Participants across the country have undertaken the Freezebruary challenge for the month of February, in aid of numerous charities throughout Ireland – and that means sea-swimming each day of the month.
Those opting for the more extreme version of the challenge are required to having an increase of time spent in open water, starting from one minute on 1 February, rising to 28 minutes on 28 February.
The Freezebruary Boys, four young men based in South Dublin – Cian Murphy, Conor Murphy, Derek Dunne, Neville Godfrey – are taking part in the challenge, in aid of the heart and stroke charity, Croí.
Currently, they have raised over €12,000 for their chosen charity, with donations coming from people throughout Ireland and abroad.
“My mother died last year due to a stroke, so we agreed collectively that Croí was the charity we wanted to go with,” Godfrey says. “We have seen some of the amazing work that Croí has put in throughout the years for [those] who have suffered a stroke or heart conditions,” he continues.
When coping with the harsh circumstances for sea-swimming at this time of the year, Godfrey says the task has been “highly demanding” for the group as they have experienced a variety of weather conditions throughout February.
‘’At the beginning of the month, we had to swim whilst being in the middle of a snow shower and by mid-February, there were high gusts of winds down by the coast that made it difficult for us. We are decent swimmers and do it regularly in the summer months, so the tough conditions have only spurred us on more to face the challenge,’’ says Godfrey.
According to Swim Ireland, open water temperatures in the sea tend to dip below 10 degrees Celsius during the winter months and will not rise above that level until April at the earliest.
What about the mental benefits of sea swimming?
“Physically it is quite daunting for the body, but at the end of the day, it’s just you against the water.
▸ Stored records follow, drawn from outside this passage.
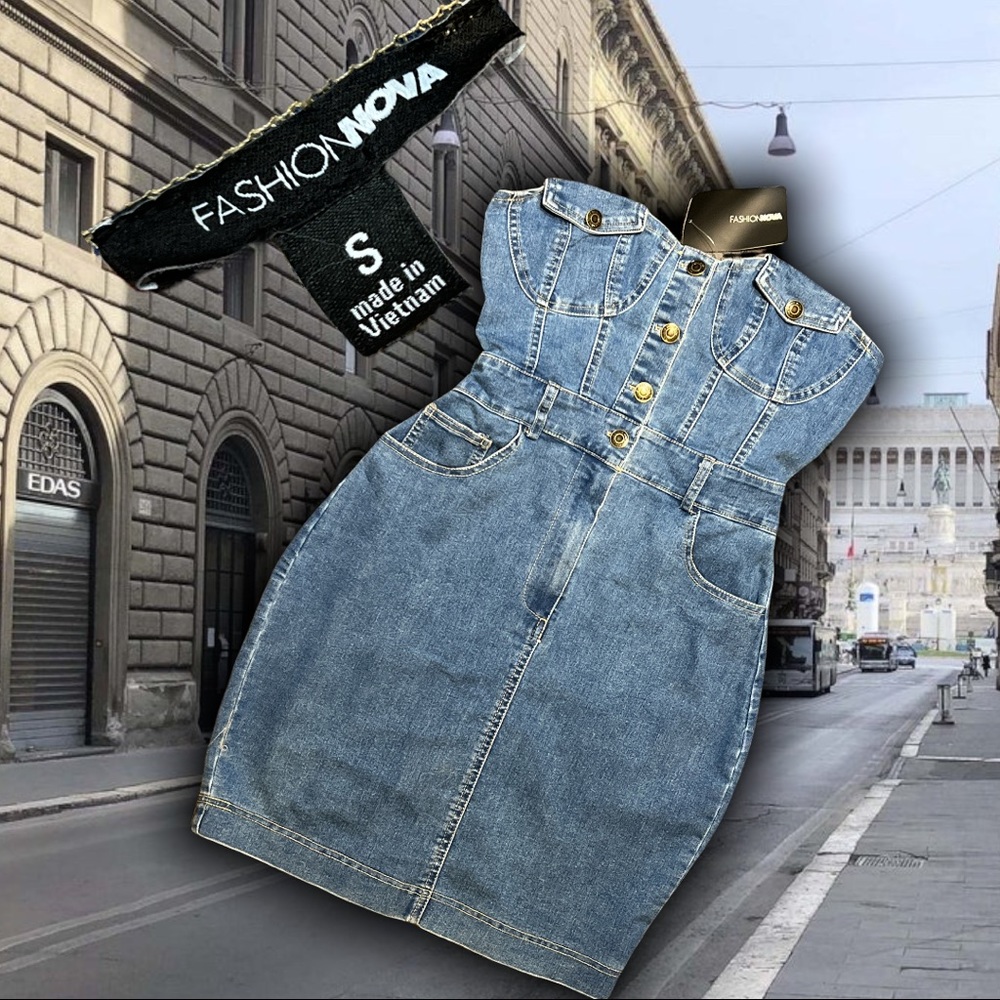 ✨NWT Denim bodycon dress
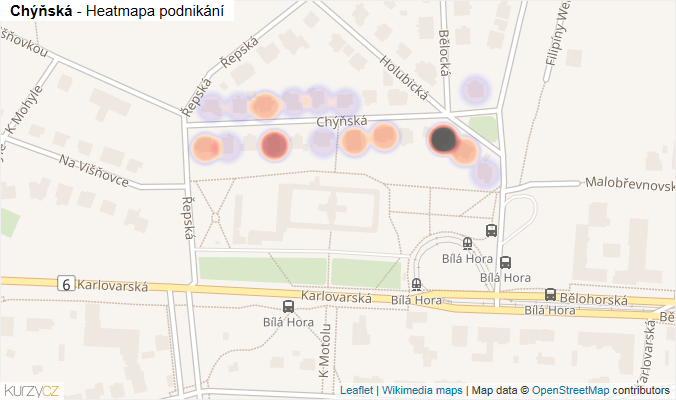 Mapa Chýňská - Firmy v ulici.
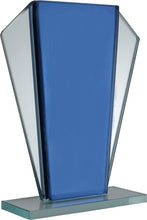 Load image into Gallery viewer, sand carved glass award blue mirror corporate award Canada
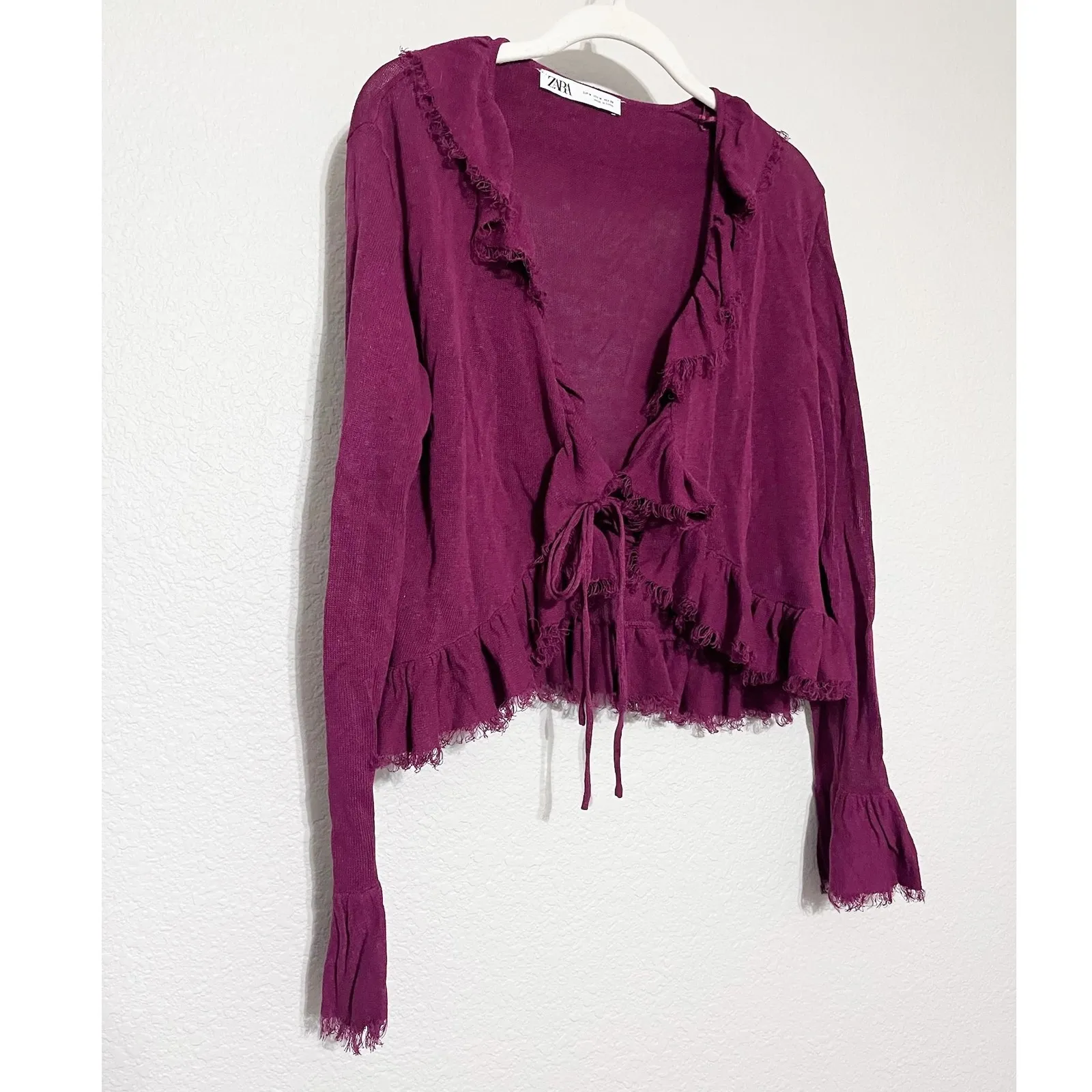 Zara Burgundy Ruffle Trim Tie Front‎ Cardigan Knit Top Womens Size M Linen Blend - Image 2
Each swim we’ve done has been so beneficial towards maintaining positive mental health,” Godfrey says.
The support for the campaign has exceeded the expectations of Godfrey and his three counterparts, as they expected to garner some attention but nothing close to the over 500 donors contributing to the fundraiser.
“In the beginning, we expected to raise a few hundred euro for Croí, by 6 February we had already raised €8,000. We couldn’t believe how much we raised in such a short space of time,” Godfrey says.
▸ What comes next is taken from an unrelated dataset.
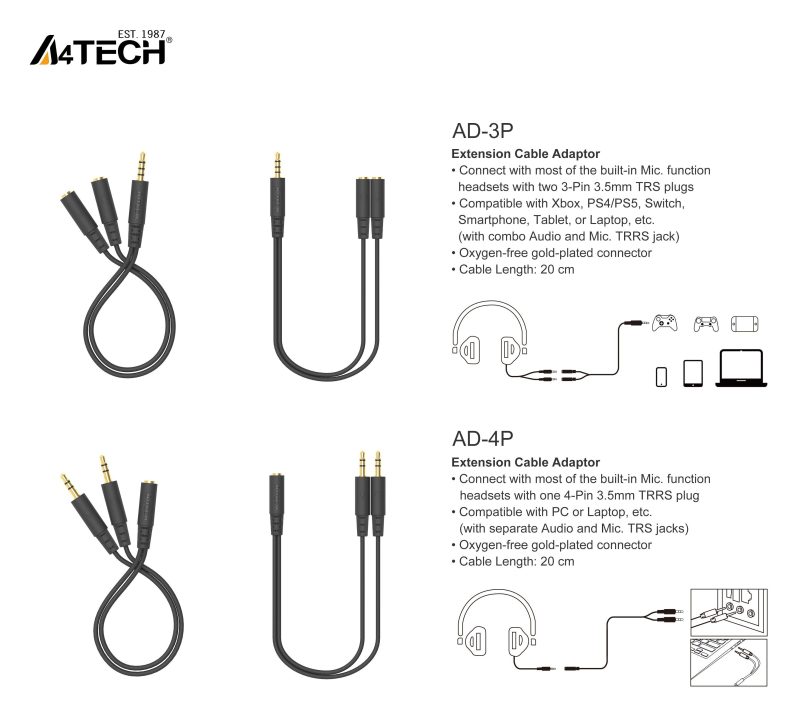 А4Tech Адаптер 3.5 mm жак женско - 2 x 3.5 mm жак мъжко - Image 2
“We have the advantage of having four of us running the campaign, so we could reach out to several people through our friends and family – but it just blew up to the point where everyone in the area was donating towards the cause.
‘’People have been so generous when donating to us. People with [whom] we have no affiliation were donating hundreds. We received a donation of €200 from one individual, who then gave another €280 moments later, it’s surreal,” he continues.
The vehicle for pushing the fundraiser was their Instagram page, which gained 1,000 followers in a week. On their Instagram, they post daily updates of their experience with the difficult challenge.
Through social media, they managed to target numerous people in their community while also receiving assistance from some notable names. Some include TV presenter Laura Whitmore sharing the social media page and former rugby player and originator of the Freezebruary challenge Damien Browne, who backed the fundraiser online.
Thus far, they have raised €14,500 in donations with a target of €15,000.